For those struggling with addiction, mental health issues, or toxic relationship patterns, understanding these lesser-known attachment styles can be a powerful tool for breaking free from destructive cycles. Recognizing the hidden forces at play in our relationships allows us to take control of our emotional lives, build healthier connections, and ultimately heal from past wounds.
The Cycle of Trauma Bonding
What is Trauma Bonding

Why do people stay in relationships that hurt them? Why does breaking free from a toxic or abusive partner feel impossible, even when we know the relationship is damaging? The answer often lies in trauma bonding, a psychological phenomenon where a person forms an intense emotional attachment to someone who is harmful to them.
Trauma bonding occurs when a relationship involves cycles of abuse followed by periods of kindness or affection. This intermittent reinforcement creates a powerful, addictive bond between the victim and the abuser, making it incredibly difficult to leave. Over time, the person caught in the trauma bond begins to equate pain with love, unpredictability with passion, and control with security.
This cycle is not about weakness or lack of willpower—it is a conditioned response, deeply rooted in the way our brains process reward and punishment.

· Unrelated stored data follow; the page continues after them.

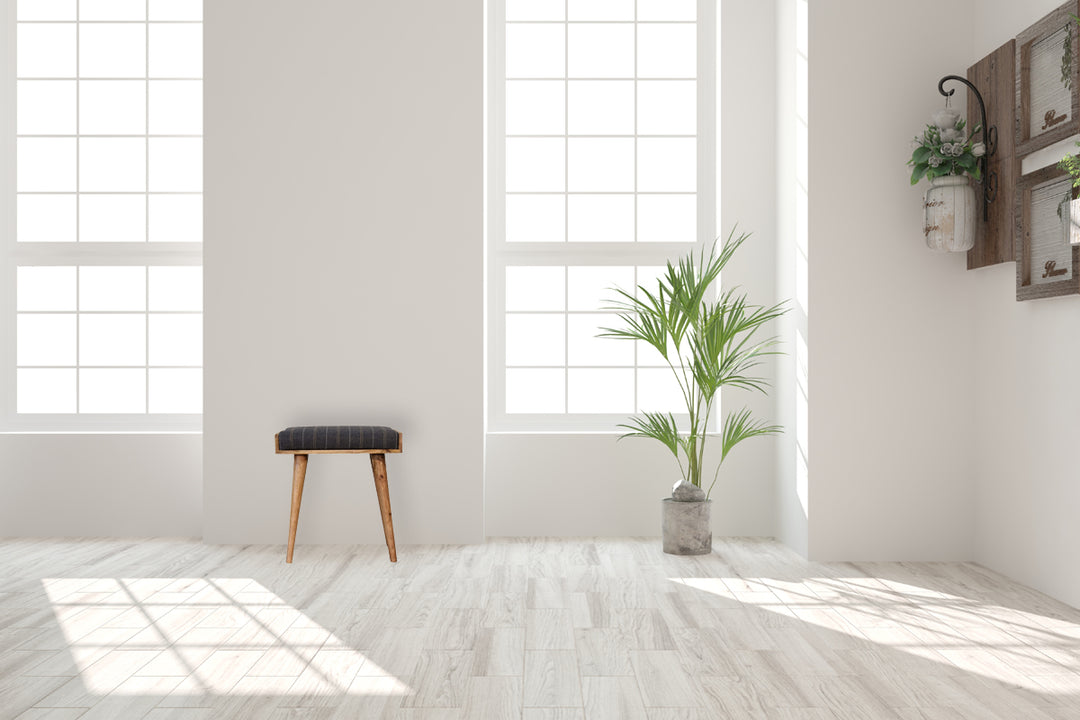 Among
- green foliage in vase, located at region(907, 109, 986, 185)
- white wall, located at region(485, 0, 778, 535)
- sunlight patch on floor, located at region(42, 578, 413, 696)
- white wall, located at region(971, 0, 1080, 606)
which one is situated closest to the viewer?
sunlight patch on floor, located at region(42, 578, 413, 696)

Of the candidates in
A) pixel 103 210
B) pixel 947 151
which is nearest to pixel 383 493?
pixel 103 210

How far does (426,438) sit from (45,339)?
223cm

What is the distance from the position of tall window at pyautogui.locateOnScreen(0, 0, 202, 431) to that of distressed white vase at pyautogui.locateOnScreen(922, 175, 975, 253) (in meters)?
3.62

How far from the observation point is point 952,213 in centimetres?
355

Understanding how trauma bonding works is the first step toward breaking free and reclaiming personal power.
The Psychology Behind Trauma Bonding: Addiction to the Cycle
At its core, trauma bonding functions like an addiction. The brain becomes wired to crave the emotional highs and lows, much like a gambler chasing the next big win or an addict seeking the next fix. This pattern is reinforced by intermittent rewards, a form of operant conditioning where rewards (in this case, moments of love, apology, or kindness) are unpredictable and inconsistent.

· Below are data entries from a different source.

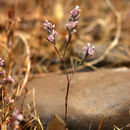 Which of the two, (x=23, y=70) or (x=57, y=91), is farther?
(x=23, y=70)

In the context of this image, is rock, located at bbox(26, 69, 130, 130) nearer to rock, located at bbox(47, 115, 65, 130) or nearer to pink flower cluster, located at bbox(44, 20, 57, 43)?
rock, located at bbox(47, 115, 65, 130)

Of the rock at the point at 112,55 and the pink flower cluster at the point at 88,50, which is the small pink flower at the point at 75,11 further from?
the rock at the point at 112,55

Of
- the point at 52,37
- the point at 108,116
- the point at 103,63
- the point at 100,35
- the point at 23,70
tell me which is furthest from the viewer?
the point at 100,35

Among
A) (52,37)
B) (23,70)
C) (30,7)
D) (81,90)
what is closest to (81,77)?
(81,90)

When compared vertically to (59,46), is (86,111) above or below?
below

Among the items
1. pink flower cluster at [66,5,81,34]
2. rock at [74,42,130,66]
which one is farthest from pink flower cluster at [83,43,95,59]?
rock at [74,42,130,66]

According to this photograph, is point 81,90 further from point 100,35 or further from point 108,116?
point 100,35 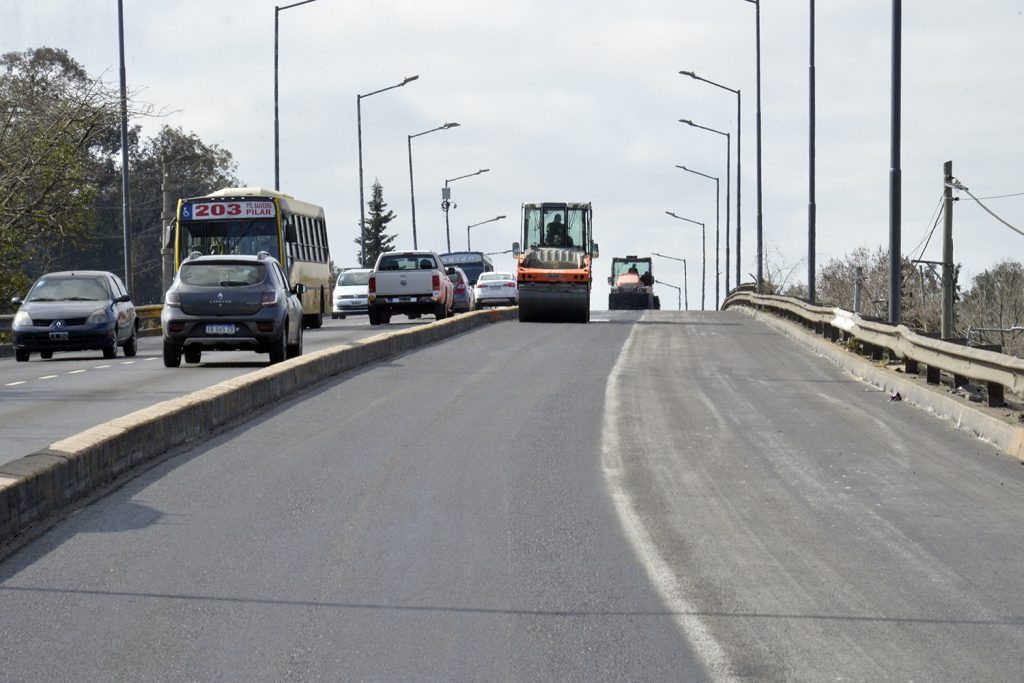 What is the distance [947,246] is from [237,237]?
668 inches

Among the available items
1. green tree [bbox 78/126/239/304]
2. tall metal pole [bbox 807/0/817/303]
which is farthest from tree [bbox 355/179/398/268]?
tall metal pole [bbox 807/0/817/303]

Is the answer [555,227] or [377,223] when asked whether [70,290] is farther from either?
[377,223]

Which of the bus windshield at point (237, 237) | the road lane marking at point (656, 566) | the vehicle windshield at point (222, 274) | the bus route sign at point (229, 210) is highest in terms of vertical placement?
the bus route sign at point (229, 210)

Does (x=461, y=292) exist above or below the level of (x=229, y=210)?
below

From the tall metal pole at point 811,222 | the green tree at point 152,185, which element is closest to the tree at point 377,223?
the green tree at point 152,185

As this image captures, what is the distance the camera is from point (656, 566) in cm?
867

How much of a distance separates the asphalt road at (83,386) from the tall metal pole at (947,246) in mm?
11321

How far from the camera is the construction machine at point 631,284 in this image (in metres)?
81.4

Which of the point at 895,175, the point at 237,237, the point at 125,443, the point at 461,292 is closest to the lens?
the point at 125,443

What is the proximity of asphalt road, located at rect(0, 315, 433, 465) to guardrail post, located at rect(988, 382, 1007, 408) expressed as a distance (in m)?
8.71

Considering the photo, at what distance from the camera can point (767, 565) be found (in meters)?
8.75

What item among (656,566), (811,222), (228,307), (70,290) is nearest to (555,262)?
(811,222)

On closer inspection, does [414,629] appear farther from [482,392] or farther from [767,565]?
[482,392]

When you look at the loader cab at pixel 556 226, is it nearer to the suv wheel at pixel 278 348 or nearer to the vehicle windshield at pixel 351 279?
the vehicle windshield at pixel 351 279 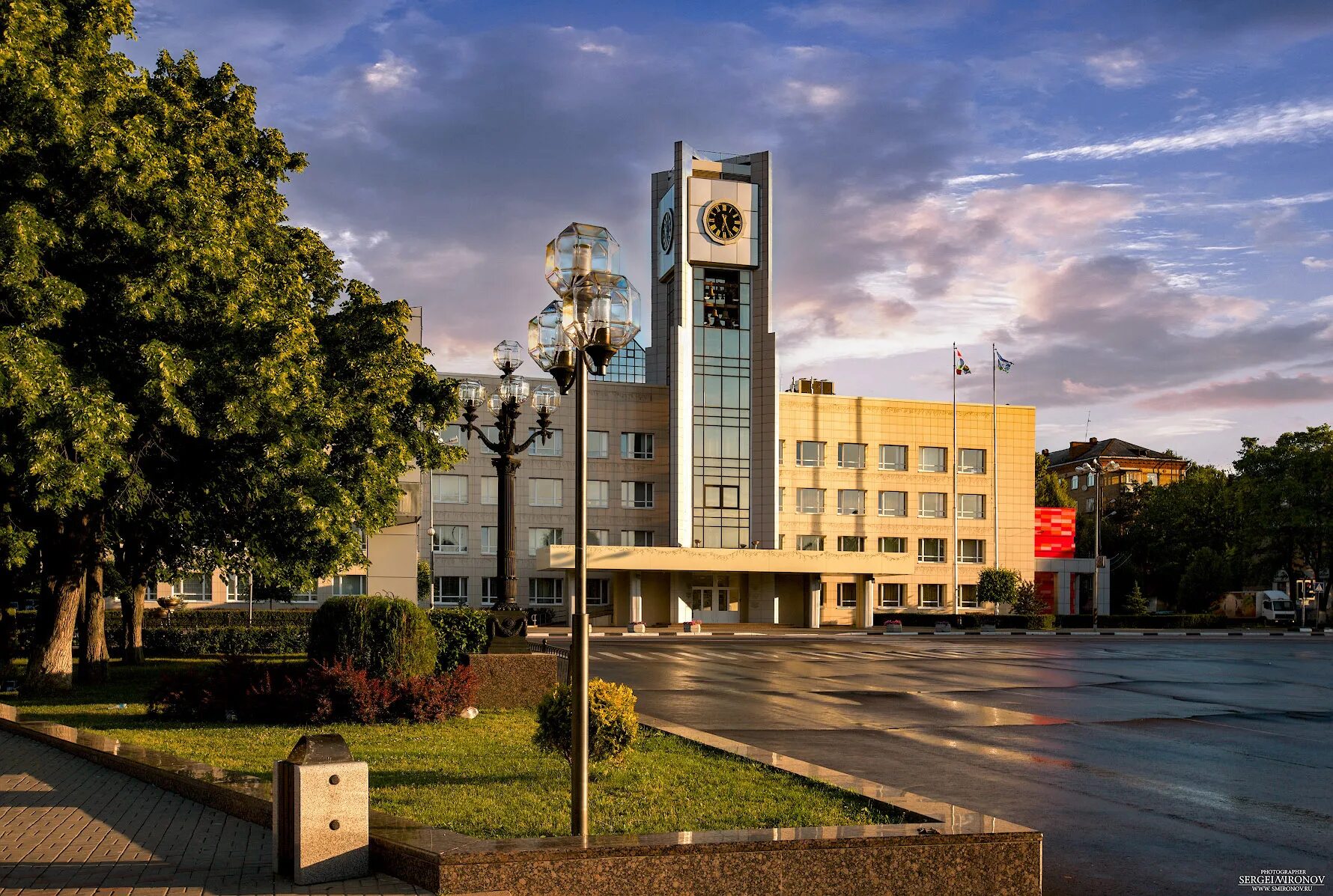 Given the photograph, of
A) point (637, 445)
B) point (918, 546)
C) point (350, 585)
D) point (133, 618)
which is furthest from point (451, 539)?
point (133, 618)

When someone experiences prolonged emotional or physical pain, their body is flooded with stress hormones like cortisol. However, when the abuser shifts to a phase of affection or remorse, the brain releases dopamine and oxytocin, chemicals that create feelings of pleasure and attachment. This unpredictable reward system strengthens the bond, making it even harder to break away.
Much like how an addicted person rationalizes substance use, someone in a trauma bond often rationalizes the abuser’s behavior, believing that the kind moments “prove” their love or that things will eventually get better. This deepens the cycle, trapping the victim in an emotional loop that feels impossible to escape.
Signs You May Be in a Trauma Bond

If you’re unsure whether you are in a trauma bond, consider the following:
- You feel stuck but can’t leave. Even when you recognize the harm, you struggle to break away.
- You make excuses for their behavior. You rationalize the abuse by blaming stress, past trauma, or circumstances.
- You experience extreme highs and lows. The relationship is a rollercoaster of emotional turmoil followed by intense connection.
- You crave their approval. Even after being mistreated, you seek validation and reassurance from them.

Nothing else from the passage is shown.